◆ **WHAT YOU WILL DO**
In the records below, repeat word for word only the lines starting at the one that contains "Presa Canario dogs" and ending at the one that contains "Studio Port Du Cap D'Agde Exteriör bild", pictures excluded.

◆ **RECORDS SHOWN**

-=-=-=-=-

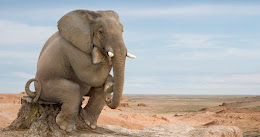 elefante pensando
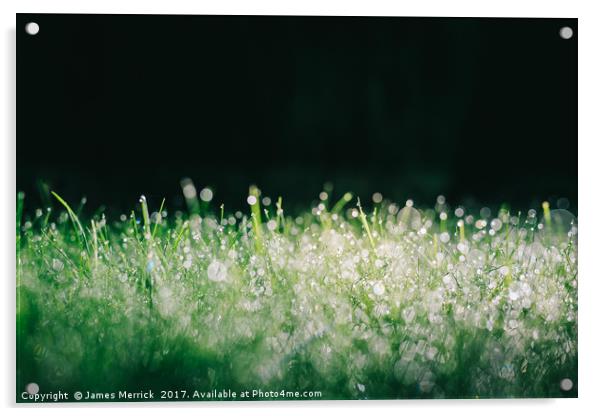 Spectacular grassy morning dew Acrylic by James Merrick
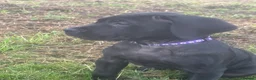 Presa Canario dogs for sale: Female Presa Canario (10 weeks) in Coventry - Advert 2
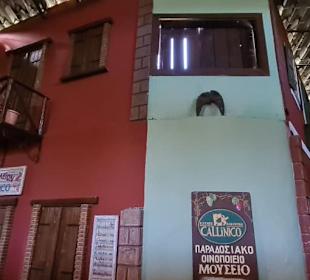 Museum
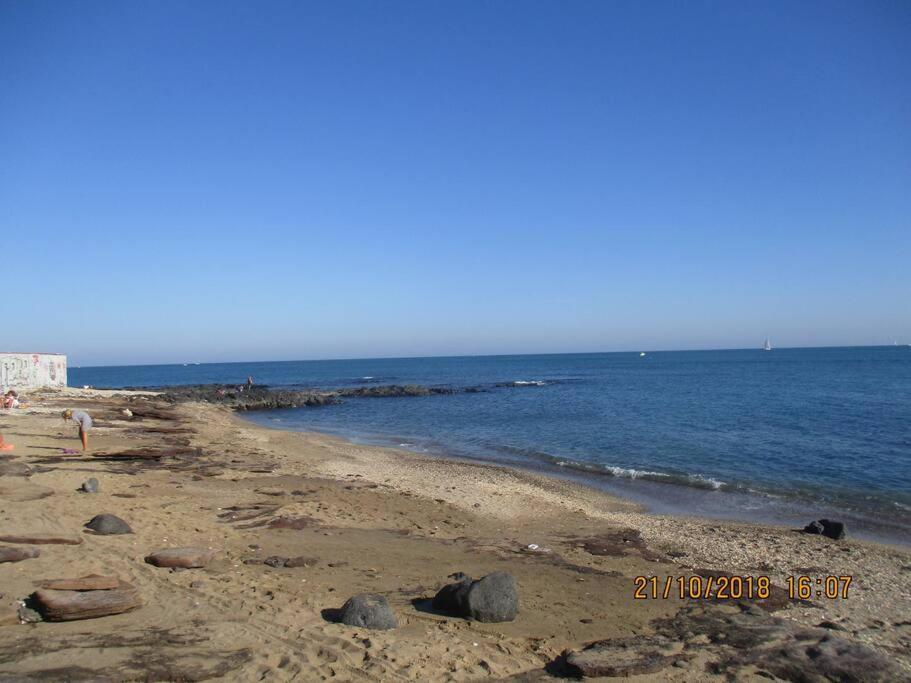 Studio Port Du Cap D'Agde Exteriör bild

-=-=-=-=-

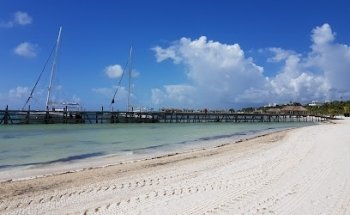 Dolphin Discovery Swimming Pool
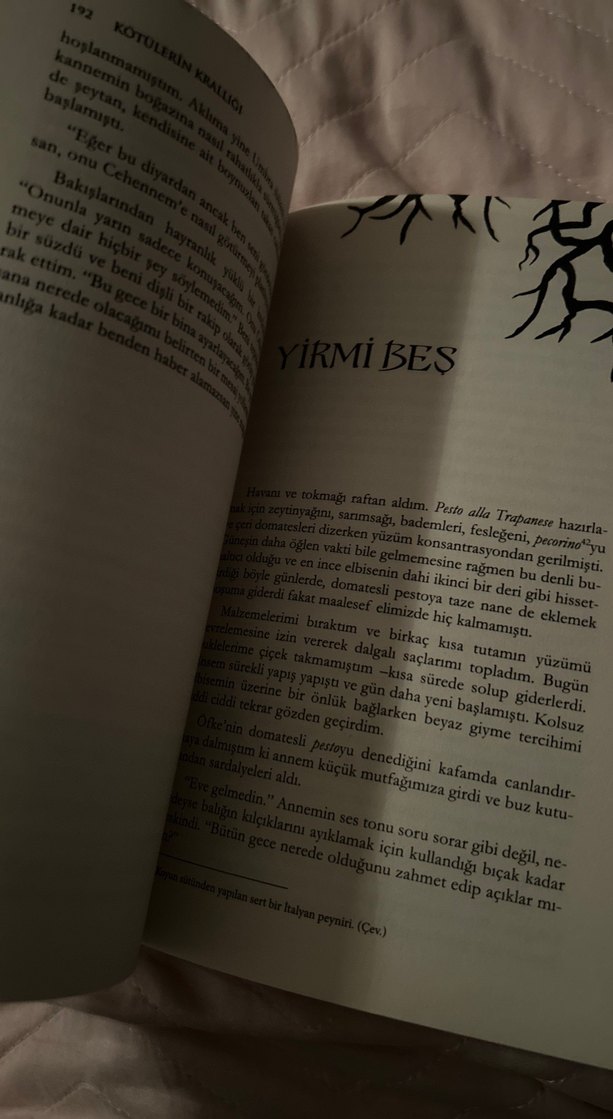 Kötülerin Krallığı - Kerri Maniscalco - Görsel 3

-=-=-=-=-

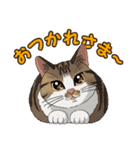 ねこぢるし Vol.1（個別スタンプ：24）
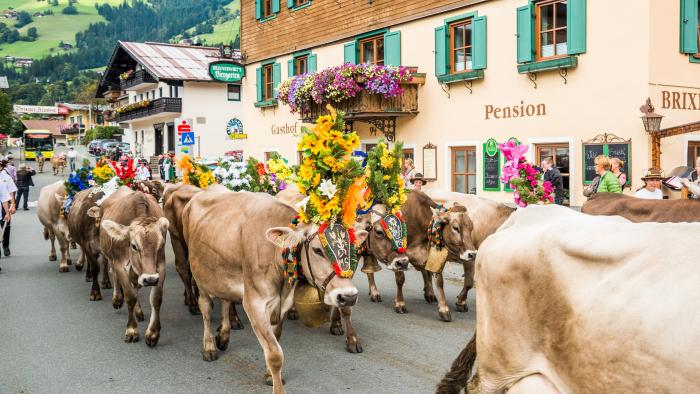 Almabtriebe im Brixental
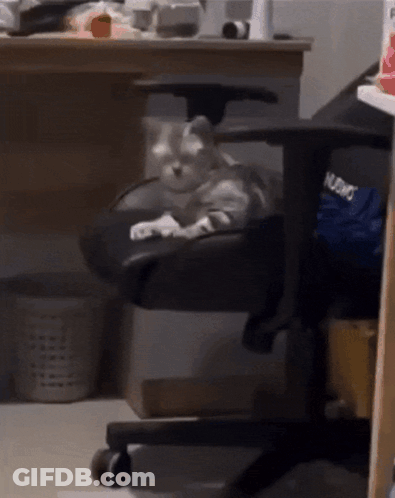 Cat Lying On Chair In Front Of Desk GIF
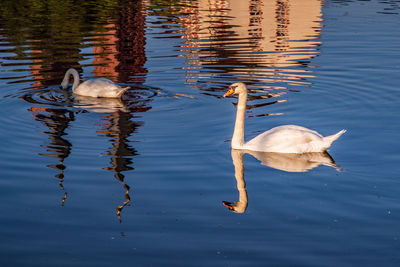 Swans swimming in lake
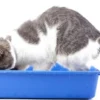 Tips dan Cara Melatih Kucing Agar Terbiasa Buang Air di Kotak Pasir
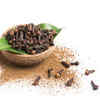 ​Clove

-=-=-=-=-

◆ **RESPONSE BELOW**
 Presa Canario dogs for sale: Female Presa Canario (10 weeks) in Coventry - Advert 2
 Museum
 Studio Port Du Cap D'Agde Exteriör bild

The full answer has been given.